Extracted entries =

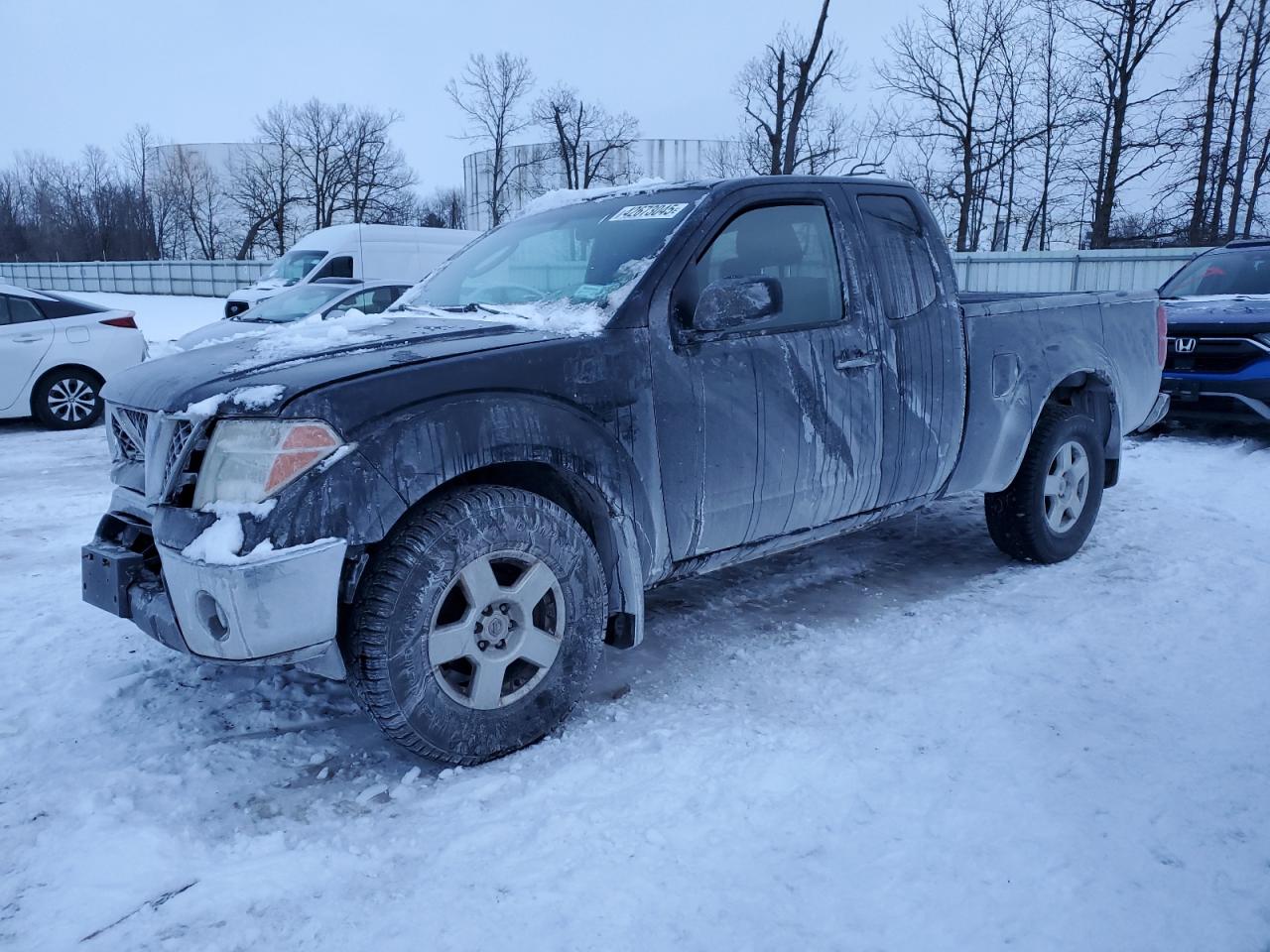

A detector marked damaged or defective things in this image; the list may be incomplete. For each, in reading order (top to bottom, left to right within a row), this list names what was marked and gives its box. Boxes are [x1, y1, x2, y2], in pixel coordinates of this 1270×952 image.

damaged front bumper [82, 518, 347, 680]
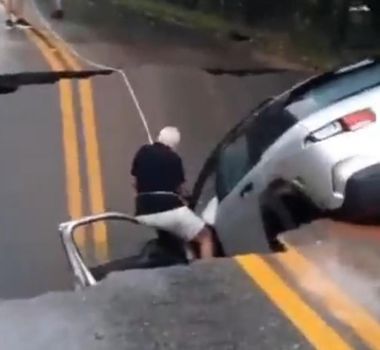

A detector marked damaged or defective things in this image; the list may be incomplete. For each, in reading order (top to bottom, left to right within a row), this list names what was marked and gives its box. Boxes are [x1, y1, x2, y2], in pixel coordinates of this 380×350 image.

crack in asphalt [0, 69, 113, 94]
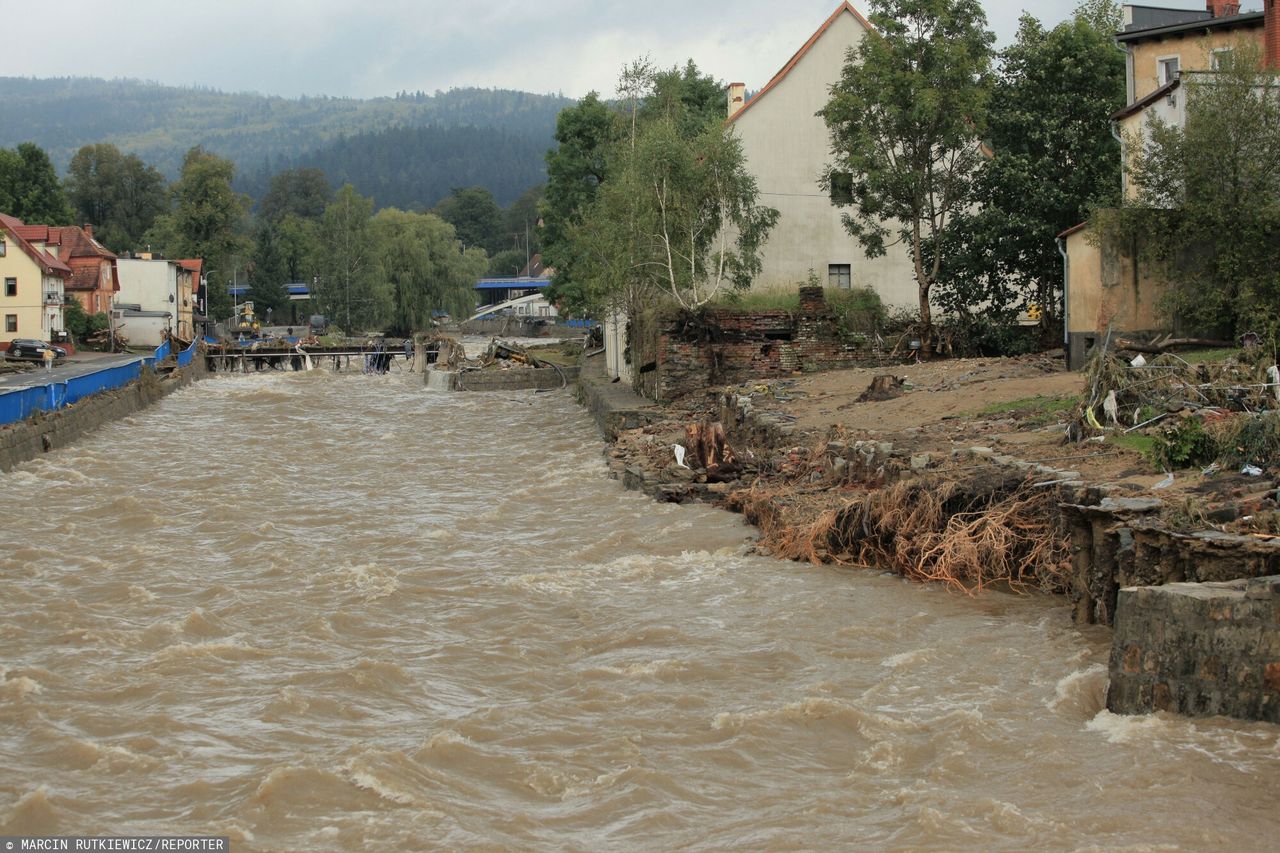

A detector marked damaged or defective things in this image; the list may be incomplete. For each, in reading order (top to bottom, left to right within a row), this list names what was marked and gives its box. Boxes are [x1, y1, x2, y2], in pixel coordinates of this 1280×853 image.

damaged brick wall [656, 286, 876, 400]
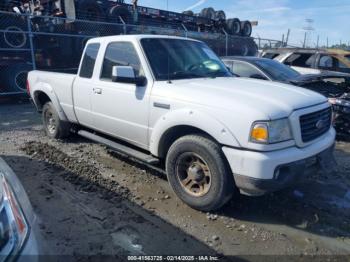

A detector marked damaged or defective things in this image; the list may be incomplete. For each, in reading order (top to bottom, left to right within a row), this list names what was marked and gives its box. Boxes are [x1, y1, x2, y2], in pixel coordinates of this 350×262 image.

damaged bumper [223, 128, 334, 195]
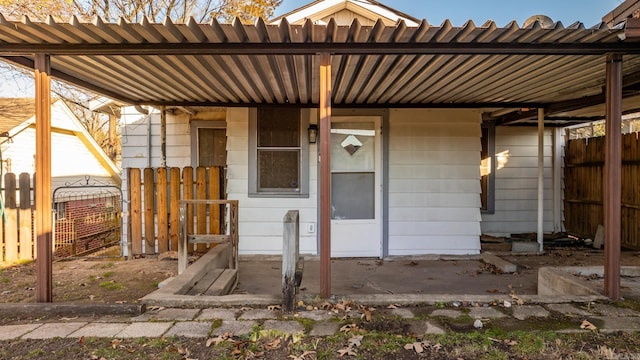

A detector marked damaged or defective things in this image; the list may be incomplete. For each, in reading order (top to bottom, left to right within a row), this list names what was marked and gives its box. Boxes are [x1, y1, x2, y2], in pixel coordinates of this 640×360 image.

rusty metal post [34, 52, 52, 300]
rusty metal post [604, 53, 620, 300]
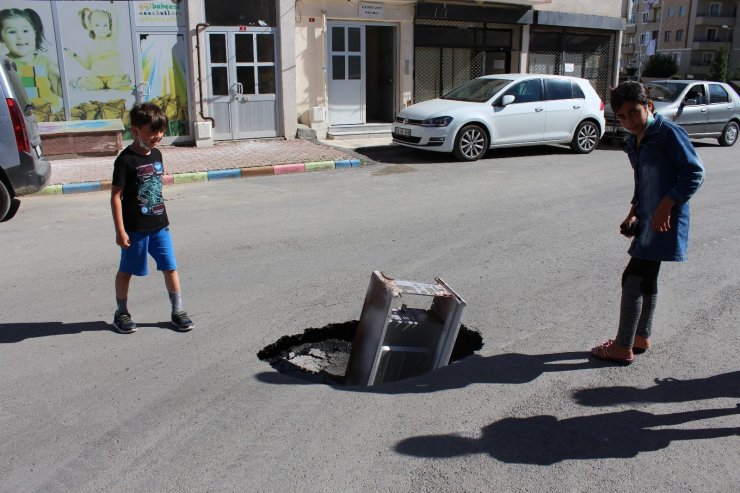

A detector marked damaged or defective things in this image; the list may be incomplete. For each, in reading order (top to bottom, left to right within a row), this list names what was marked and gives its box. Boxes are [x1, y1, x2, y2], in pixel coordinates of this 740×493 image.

broken asphalt edge [37, 159, 368, 195]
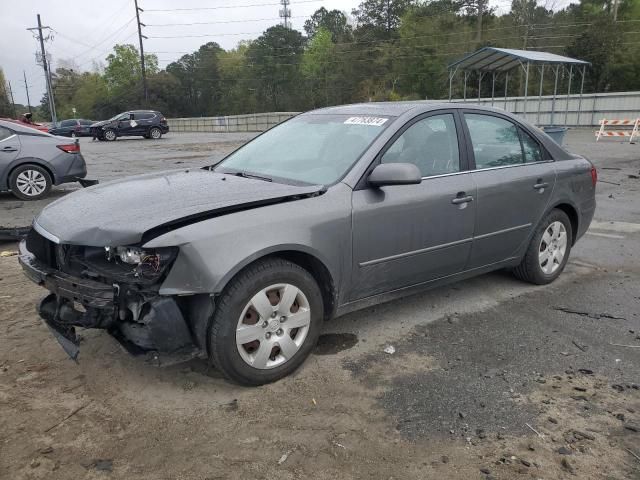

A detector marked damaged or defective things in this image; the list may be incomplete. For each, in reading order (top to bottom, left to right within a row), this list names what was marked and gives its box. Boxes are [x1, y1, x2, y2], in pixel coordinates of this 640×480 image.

detached bumper piece [18, 240, 198, 364]
damaged front bumper [18, 240, 200, 364]
crushed front end [18, 229, 202, 364]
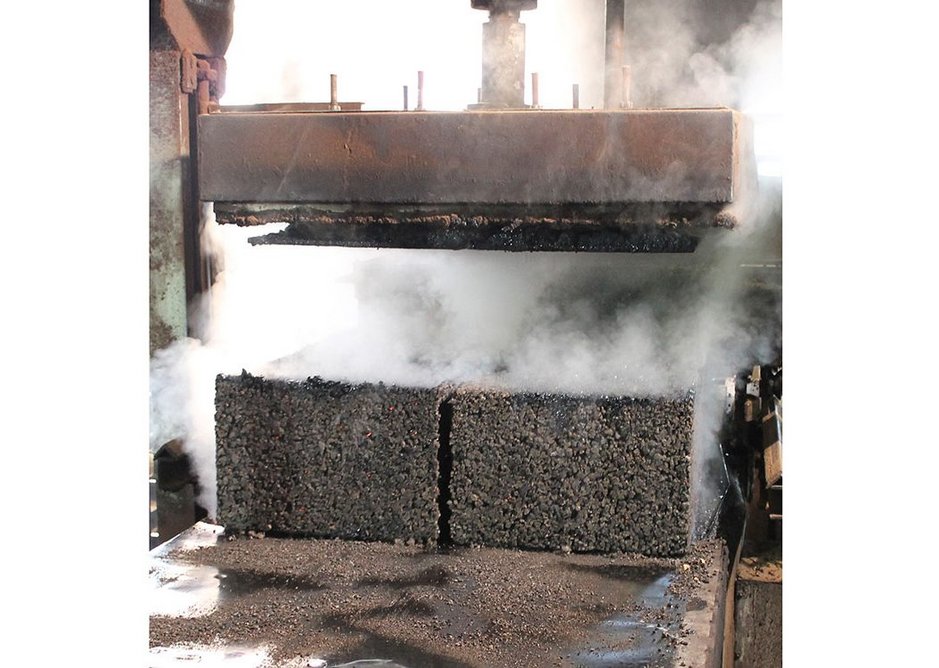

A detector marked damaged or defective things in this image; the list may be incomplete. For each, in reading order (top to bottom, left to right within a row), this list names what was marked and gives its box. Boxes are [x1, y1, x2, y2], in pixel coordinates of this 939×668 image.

rusty metal platen [470, 0, 536, 107]
rusted steel beam [200, 109, 748, 206]
black charred layer [213, 202, 736, 252]
black charred layer [217, 374, 440, 544]
black charred layer [444, 388, 692, 556]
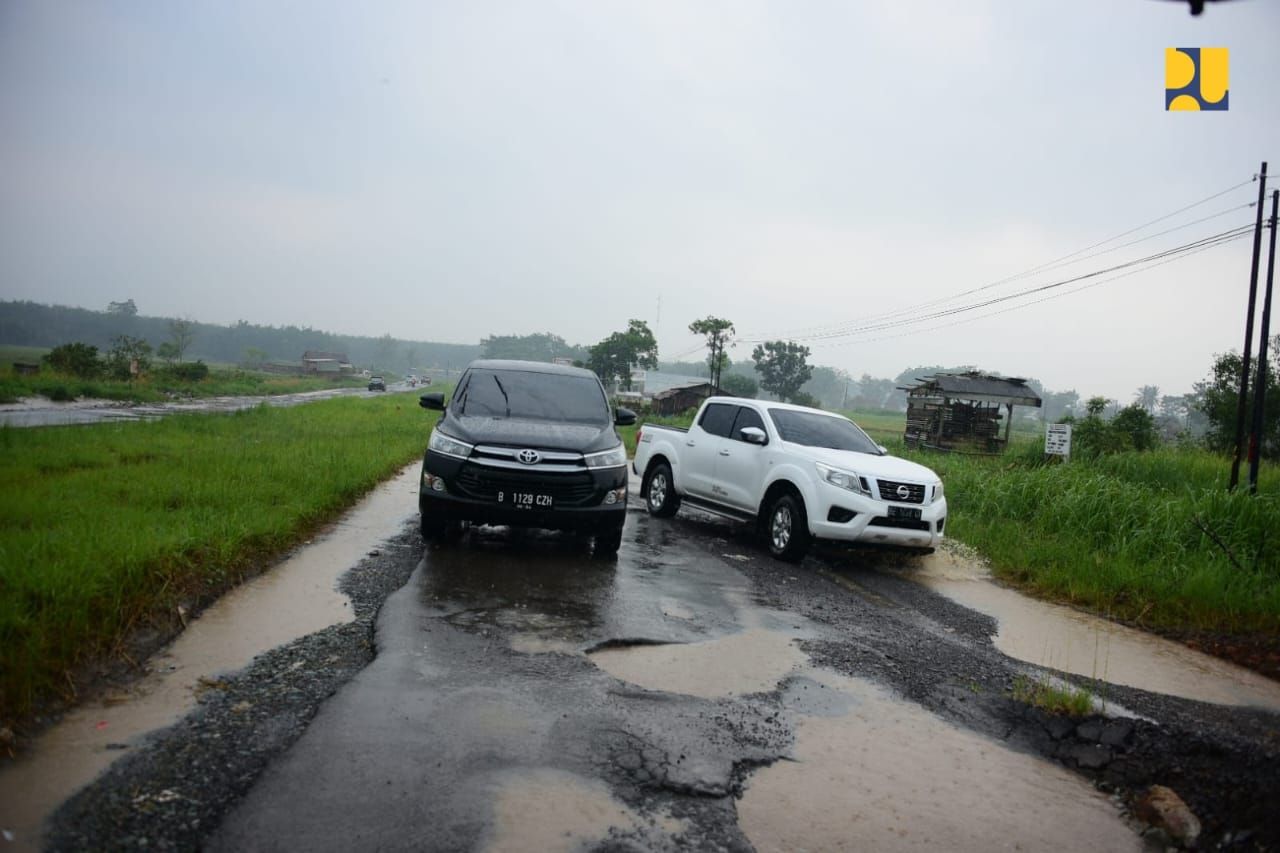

What to produce =
No pictures belong in the copy. Repeat the listing above exactly.

Response =
A detector marked damaged or defective things in this image; the list may be incomplete. For each, in reading order (top to bottom, left to right within a row), this list names what was marked and gives its box. Boxes are [x1, y1, x2, y2], in pixel coordinates of this 1270×952 image.

damaged front bumper [82, 518, 347, 680]

A detector marked damaged or defective things in this image; the list may be incomplete. For each, in reading order (top to bottom, left to right within a row), this list names what was marked and gives its box. Boxes are [x1, y1, x2, y2], in pixel coordinates of this 380×350 image.

crack in asphalt [0, 69, 113, 94]

A detector marked damaged or defective things in this image; the list may be incomplete. For each, in reading order (top to bottom, left to right within a row), this list names what was marked and gives its box. Boxes are [x1, y1, x2, y2], in pixel coordinates of this 1280×853 image.

damaged brick wall [656, 286, 876, 400]

A detector marked damaged or defective things in this image; the list may be incomplete. For each, in reading order (top to bottom, left to right within a row), this list names what was marked and gives its box. Boxes are [x1, y1, x2, y2], in pixel coordinates of this 350×262 image.

damaged bumper [223, 128, 334, 195]

A detector marked damaged or defective things in this image; the list may be incomplete. For each, in reading order (top to bottom, left to right within a row), this list names what was marked and gives its box. Boxes are [x1, y1, x2, y2], in pixel coordinates of this 640×360 image.

rusty metal post [34, 52, 52, 300]
rusty metal post [604, 53, 620, 300]

A detector marked damaged or defective things in this image; the list may be incomplete. For each, in reading order (top to bottom, left to right within a row), this list names what was marked and gives its box. Boxes are [x1, y1, x2, y2], in pixel coordinates of this 740×493 image.

broken asphalt edge [37, 159, 368, 195]

A detector marked damaged or defective things in this image; the list may be incomplete. For each, in reading order (top to bottom, left to right within a row), this list names what was marked and gives its box. Boxes are [x1, y1, x2, y2], in pixel coordinates of this 640×480 image.

detached bumper piece [18, 240, 198, 364]
damaged front bumper [18, 240, 200, 364]
crushed front end [18, 229, 202, 364]

A detector marked damaged or defective things in this image; the list may be incomplete. For each, in reading order (top to bottom, left to right within a row), this list names what was marked and gives its box. Boxes are [x1, y1, x2, y2], in pixel coordinates of this 939×668 image.

rusty metal platen [470, 0, 536, 107]
rusted steel beam [200, 109, 748, 206]
black charred layer [213, 202, 736, 252]
black charred layer [217, 374, 440, 544]
black charred layer [444, 388, 692, 556]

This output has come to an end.